99% of the formats I've seen and used just worked with simple
fixed-width fields.
> I'm also wondering why one would want to use them over printf/sprintf,
> especially when they seem to be so much trouble to use. It reminds me a
> little of Cobol.
Maybe you don't. But formats do understand line counts per page, so if
you're used to 66 line pages, they take a bit of work out. You'd have
to code some extra logic to do that with printf.
--
Darren Dunham ddunham@taos.com
Senior Technical Consultant TAOS http://www.taos.com/
Got some Dr Pepper? San Francisco, CA bay area
< This line left intentionally blank to confuse you. >
Re: format/write question
am 21.08.2007 21:42:19 von greymaus
On 2007-08-16, Darren Dunham wrote:
> fixed-width fields.
>
>> I'm also wondering why one would want to use them over printf/sprintf,
>> especially when they seem to be so much trouble to use.
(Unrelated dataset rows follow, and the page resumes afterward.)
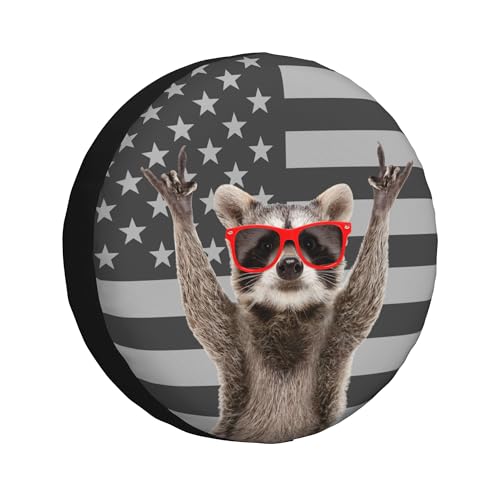 Spare Tire Cover for RV Camper Raccoon American Flag, Weatherproof Universal Wheel Cover for RV Travel Trailer Camper Truck 14inch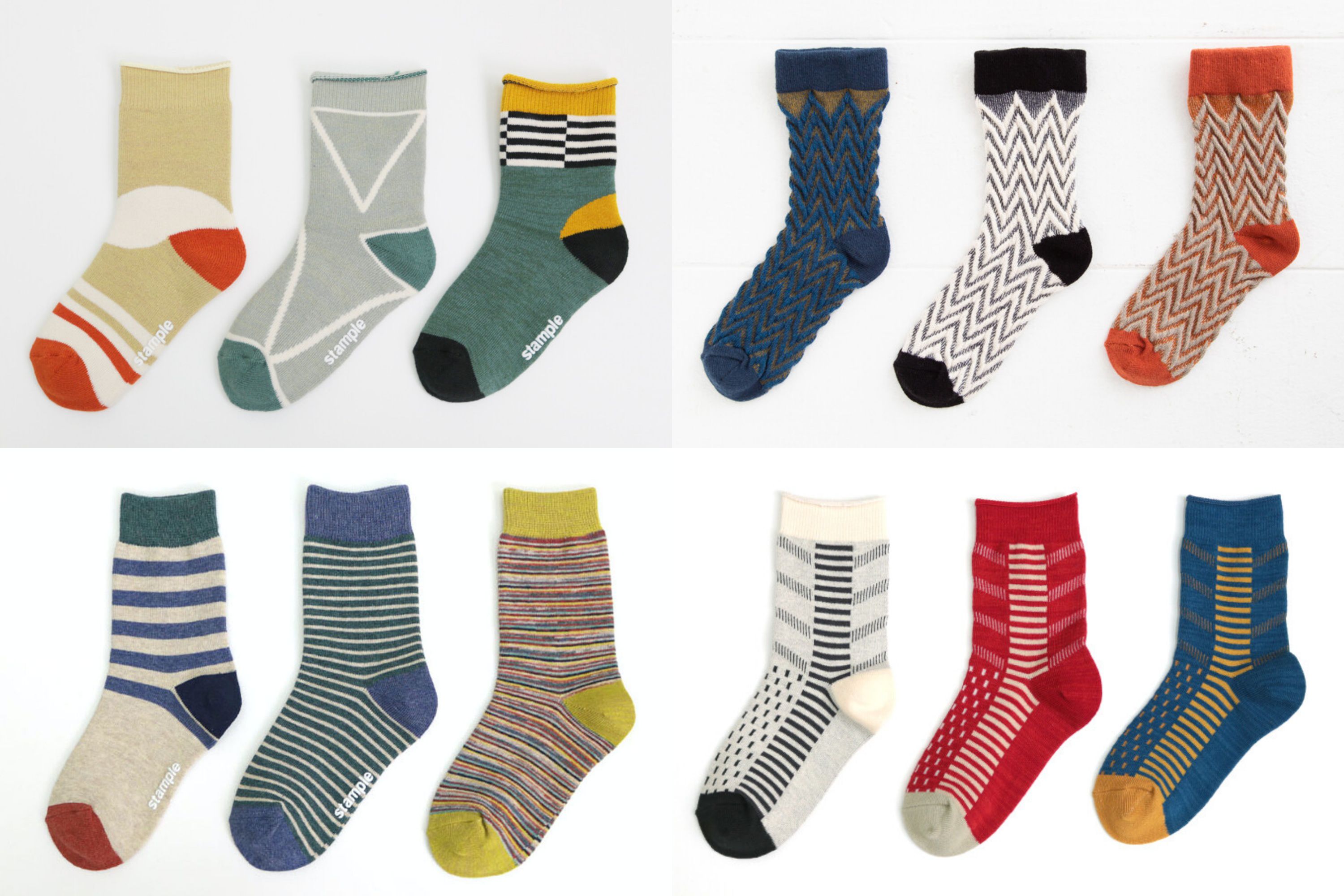 日本 stample - (兒童)中筒襪-超值三雙組-點點-A(粉x綠xX灰)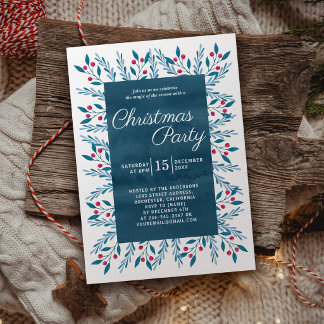 Invitación Fiesta de Navidad Azul Botánico Acuarela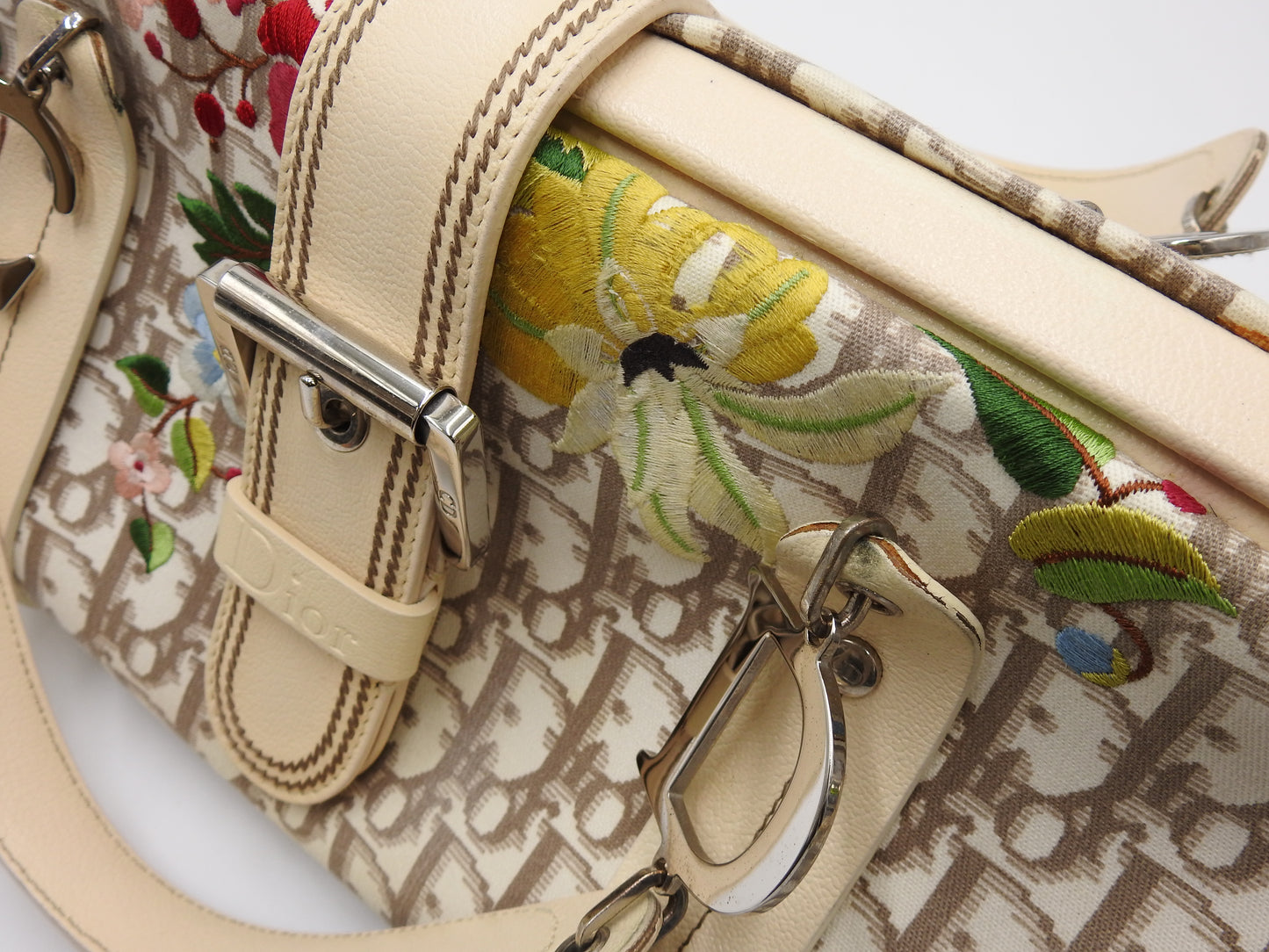 Christian Dior Trotter Embroidered Flower Tote Hand Bag Canvas Beige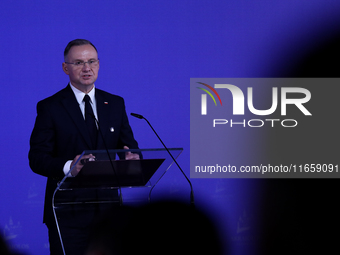 Polish President Andrzej Duda attends the meeting of the presidents of the Arraiolos group at Wawel Castle in Krakow, Poland, on October 11,...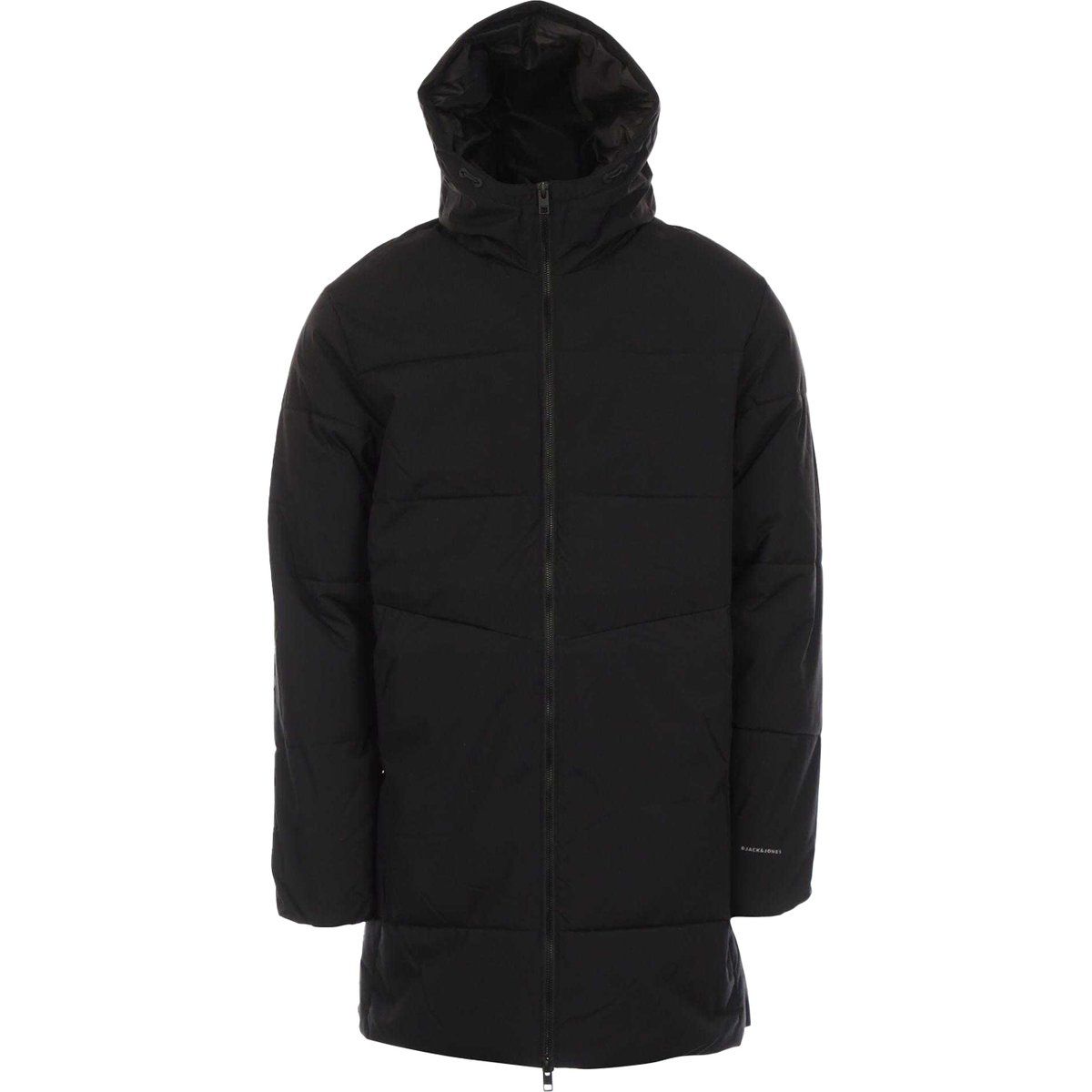 Lange gepolsterte Herrenjacke mit Kapuze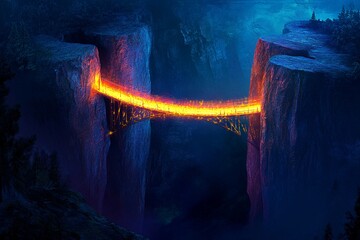 Glowing bridge illuminates dark chasm beneath starry sky at twilight near lush cliffs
It reminds me a
>> little of Cobol.
>
> Maybe you don't. But formats do understand line counts per page, so if
> you're used to 66 line pages, they take a bit of work out. You'd have
> to code some extra logic to do that with printf.
>
format is a nice low-end word formatter, best used, AFAIknow, for
formatting data extracted with perl into a nicely formed and easily
read report. Pump it into TeX and use \verbatim{}. Filter out a data
field you want from the mass of data.